Iterate through all the current cache keys, and find the "unversioned" filename for each.
If the filenames match, delete the previously cached entry.

We're operating on the assumption that the newly cached hashed URL is the definitive version that should be kept around, and hopefully there isn't any other cache entries that refer to the soon-to-be-deleted hashed URL. (If there are, we'll cover how to handle that in the next section.)

Dealing with cache misses due to versioning

The other drawback of runtime caching to address is cache misses triggered by one resource referring to a outdated versioned URL of a subresource. You might encounter this if, for example, you cache HTML documents at runtime, and a user revisits a very old page that still refers to your CSS and JS files using hashes that have long since been purged from your servers and local caches.

This is a solved problem for precaching (usually! assuming you're careful about when you call skipWaiting()!), where you can deploy compatible versions of your HTML, JS, and CSS altogether, versioned alongside your service worker.

So how should you deal with it when using runtime caching? The answer is a little bit of ¯\_(ツ)_/¯ sprinkled in with some best-effort fallback logic.

Before implementing this, you should ask yourself whether you're actually comfortable using anything other than the exact version of a subresource that a page asks for. That answer might depend on what type of subresource is being requests—using an outdated CSS file or versioned image is likely to be a lot "safer" than using an old JS file containing crucial business logic. You should only adopt fallback logic when you're comfortable with that risk.

Assuming you are comfortable with falling back to a different version, being able to translate a versioned URL into the underlying logical resource makes things straightforward:

Attempt to read the requested version of a given resource from some combination of the cache or network, depending on which runtime caching strategy you're using.
If that fails for any reason, get the "unversioned" filename for the URL you're requesting.
Iterate through all the cache keys, getting the "unversioned" filename of each entry.
If there's a match, use that cached response to fulfill the original request.
Otherwise, the request can't be fulfilled.

Packaging this up

I've been using this logic for my current service worker setup, packaged in a standalone Workbox plugin.

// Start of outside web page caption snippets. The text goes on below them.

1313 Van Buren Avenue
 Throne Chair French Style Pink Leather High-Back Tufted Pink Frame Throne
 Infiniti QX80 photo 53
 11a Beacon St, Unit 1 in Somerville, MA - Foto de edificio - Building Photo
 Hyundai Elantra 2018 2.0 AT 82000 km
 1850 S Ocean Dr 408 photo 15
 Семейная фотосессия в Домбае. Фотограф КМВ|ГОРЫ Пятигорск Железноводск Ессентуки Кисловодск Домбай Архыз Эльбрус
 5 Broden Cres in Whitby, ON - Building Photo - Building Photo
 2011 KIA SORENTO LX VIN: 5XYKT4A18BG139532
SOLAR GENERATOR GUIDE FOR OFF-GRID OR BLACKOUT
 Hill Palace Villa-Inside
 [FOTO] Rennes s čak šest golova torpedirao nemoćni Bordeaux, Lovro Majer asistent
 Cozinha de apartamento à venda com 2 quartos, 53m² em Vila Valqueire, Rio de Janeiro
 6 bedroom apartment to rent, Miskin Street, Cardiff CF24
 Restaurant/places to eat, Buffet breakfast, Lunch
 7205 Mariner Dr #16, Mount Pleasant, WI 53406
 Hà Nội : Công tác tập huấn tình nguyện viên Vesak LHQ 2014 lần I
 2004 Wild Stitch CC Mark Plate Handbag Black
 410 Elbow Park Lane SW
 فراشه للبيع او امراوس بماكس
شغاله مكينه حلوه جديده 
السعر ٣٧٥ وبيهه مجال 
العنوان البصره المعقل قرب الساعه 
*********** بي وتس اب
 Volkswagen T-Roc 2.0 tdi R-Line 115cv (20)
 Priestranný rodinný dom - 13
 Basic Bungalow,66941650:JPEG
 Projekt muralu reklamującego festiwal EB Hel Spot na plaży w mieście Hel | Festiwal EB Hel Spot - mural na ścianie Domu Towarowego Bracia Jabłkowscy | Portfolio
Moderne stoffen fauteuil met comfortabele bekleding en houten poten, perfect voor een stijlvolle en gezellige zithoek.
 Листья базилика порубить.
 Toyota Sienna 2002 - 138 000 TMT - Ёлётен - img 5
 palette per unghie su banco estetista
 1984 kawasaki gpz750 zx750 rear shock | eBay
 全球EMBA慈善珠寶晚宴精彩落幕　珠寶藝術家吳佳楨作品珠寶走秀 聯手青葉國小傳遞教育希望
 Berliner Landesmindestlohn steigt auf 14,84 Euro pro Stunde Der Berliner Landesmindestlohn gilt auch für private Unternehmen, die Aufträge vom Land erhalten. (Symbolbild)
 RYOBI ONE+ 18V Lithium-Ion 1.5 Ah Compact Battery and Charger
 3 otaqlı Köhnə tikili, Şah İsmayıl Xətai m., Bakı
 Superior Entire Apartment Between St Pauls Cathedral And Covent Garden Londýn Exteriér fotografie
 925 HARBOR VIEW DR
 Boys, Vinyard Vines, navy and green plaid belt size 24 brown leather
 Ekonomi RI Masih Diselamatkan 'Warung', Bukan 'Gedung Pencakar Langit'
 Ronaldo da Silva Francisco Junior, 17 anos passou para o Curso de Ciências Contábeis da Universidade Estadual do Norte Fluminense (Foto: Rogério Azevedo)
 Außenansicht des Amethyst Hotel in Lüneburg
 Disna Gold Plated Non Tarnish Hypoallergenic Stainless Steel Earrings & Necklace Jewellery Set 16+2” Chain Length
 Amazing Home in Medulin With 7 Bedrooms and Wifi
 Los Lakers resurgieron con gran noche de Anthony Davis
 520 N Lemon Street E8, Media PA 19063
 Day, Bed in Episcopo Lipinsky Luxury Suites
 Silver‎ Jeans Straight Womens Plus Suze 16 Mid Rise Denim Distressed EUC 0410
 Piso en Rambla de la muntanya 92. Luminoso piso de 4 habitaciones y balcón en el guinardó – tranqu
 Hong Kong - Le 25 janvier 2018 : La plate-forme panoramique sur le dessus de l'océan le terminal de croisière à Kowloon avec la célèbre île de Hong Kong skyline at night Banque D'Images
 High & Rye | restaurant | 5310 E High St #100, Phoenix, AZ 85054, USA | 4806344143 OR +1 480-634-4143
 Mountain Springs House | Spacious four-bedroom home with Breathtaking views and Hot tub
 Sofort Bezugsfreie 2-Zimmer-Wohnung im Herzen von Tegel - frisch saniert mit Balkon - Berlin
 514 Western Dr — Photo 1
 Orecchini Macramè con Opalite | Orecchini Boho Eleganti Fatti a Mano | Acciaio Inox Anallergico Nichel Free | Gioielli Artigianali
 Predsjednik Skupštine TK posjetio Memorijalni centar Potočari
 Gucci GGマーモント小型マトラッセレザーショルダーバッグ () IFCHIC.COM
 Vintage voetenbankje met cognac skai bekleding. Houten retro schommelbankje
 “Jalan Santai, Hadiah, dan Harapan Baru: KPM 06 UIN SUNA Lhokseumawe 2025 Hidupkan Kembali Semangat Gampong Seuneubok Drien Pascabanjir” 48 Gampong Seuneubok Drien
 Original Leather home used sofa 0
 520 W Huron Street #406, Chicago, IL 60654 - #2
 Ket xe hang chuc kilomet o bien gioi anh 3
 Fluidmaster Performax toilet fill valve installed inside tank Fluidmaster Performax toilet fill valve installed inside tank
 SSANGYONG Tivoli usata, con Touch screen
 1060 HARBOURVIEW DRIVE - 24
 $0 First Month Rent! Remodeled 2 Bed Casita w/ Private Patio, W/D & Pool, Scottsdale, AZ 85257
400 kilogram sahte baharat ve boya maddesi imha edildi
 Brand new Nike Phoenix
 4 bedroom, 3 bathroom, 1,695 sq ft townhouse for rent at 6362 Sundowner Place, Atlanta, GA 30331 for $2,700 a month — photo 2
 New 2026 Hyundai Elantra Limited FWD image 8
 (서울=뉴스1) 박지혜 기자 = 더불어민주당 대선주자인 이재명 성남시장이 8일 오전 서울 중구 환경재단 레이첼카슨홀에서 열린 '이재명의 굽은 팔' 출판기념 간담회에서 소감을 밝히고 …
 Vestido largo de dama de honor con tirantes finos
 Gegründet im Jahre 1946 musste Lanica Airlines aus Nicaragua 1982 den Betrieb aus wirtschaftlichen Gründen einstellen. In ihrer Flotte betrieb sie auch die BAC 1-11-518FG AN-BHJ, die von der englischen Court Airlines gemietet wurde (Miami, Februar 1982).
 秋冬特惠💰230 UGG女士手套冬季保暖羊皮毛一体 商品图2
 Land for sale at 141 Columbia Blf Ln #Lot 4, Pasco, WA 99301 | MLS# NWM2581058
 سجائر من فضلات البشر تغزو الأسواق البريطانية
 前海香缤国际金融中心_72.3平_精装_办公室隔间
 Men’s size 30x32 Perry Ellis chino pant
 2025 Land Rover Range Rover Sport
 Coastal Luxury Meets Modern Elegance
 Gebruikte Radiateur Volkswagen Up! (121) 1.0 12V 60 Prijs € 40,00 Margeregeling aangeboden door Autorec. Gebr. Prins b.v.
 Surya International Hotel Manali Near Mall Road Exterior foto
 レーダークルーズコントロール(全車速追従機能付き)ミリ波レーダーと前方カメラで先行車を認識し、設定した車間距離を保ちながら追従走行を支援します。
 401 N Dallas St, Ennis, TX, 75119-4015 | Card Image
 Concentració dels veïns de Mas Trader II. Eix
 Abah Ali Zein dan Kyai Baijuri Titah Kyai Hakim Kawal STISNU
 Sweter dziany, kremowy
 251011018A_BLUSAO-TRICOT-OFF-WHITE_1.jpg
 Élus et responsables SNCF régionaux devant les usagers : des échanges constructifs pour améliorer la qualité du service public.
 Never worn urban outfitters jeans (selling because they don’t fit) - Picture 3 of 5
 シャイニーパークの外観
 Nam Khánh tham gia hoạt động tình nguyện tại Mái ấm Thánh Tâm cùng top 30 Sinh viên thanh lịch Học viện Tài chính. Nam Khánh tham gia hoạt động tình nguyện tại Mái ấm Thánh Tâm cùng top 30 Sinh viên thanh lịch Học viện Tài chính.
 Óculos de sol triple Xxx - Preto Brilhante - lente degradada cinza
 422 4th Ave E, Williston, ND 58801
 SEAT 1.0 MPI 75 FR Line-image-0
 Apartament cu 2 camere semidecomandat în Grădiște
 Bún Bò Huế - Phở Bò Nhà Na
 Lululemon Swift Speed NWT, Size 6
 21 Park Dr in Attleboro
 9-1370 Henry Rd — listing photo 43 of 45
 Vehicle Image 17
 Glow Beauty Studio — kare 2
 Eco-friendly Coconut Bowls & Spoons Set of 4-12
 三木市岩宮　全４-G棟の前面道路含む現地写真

If you've never tried writing a Workbox plugin before, we've got some basic info in our docs, and I recorded a video for last year's Chrome Dev Summit with more examples:

The plugin takes advantage of the cachedResponseWillBeUsed, cacheDidUpdate, and handlerDidError strategy lifecycle methods to trigger all of the steps described above.

Why not officially release the plugin?

While I think the code in the plugin works as intended, I'm still not happy about the ergonomics of using it. Specifically, there's a lot of logic hardcoded in it related to the naming conventions that I'm using for my hashed URLs, and that won't work for sites that do something different, like include hashes in the middle of their filenames.

What's needed to clean this up a bit is to allow the plugin to take in a function that will translate from versioned filenames to unversioned, allowing folks to use this without requiring them to adopt a specific naming convention. My current usage assumes you can just do hashedFilename.substring(HASH_CHARS + 1), but folks might need to use a regular expression to obtain the original filename, or split on specific delimiter characters.

Update: I've released a standalone module, remove-filename-hash, that offers flexible removal of hashes from URLs.

In the meantime, feel free to borrow the code from that plugin and adapt the logic by hand to accommodate your current naming conventions.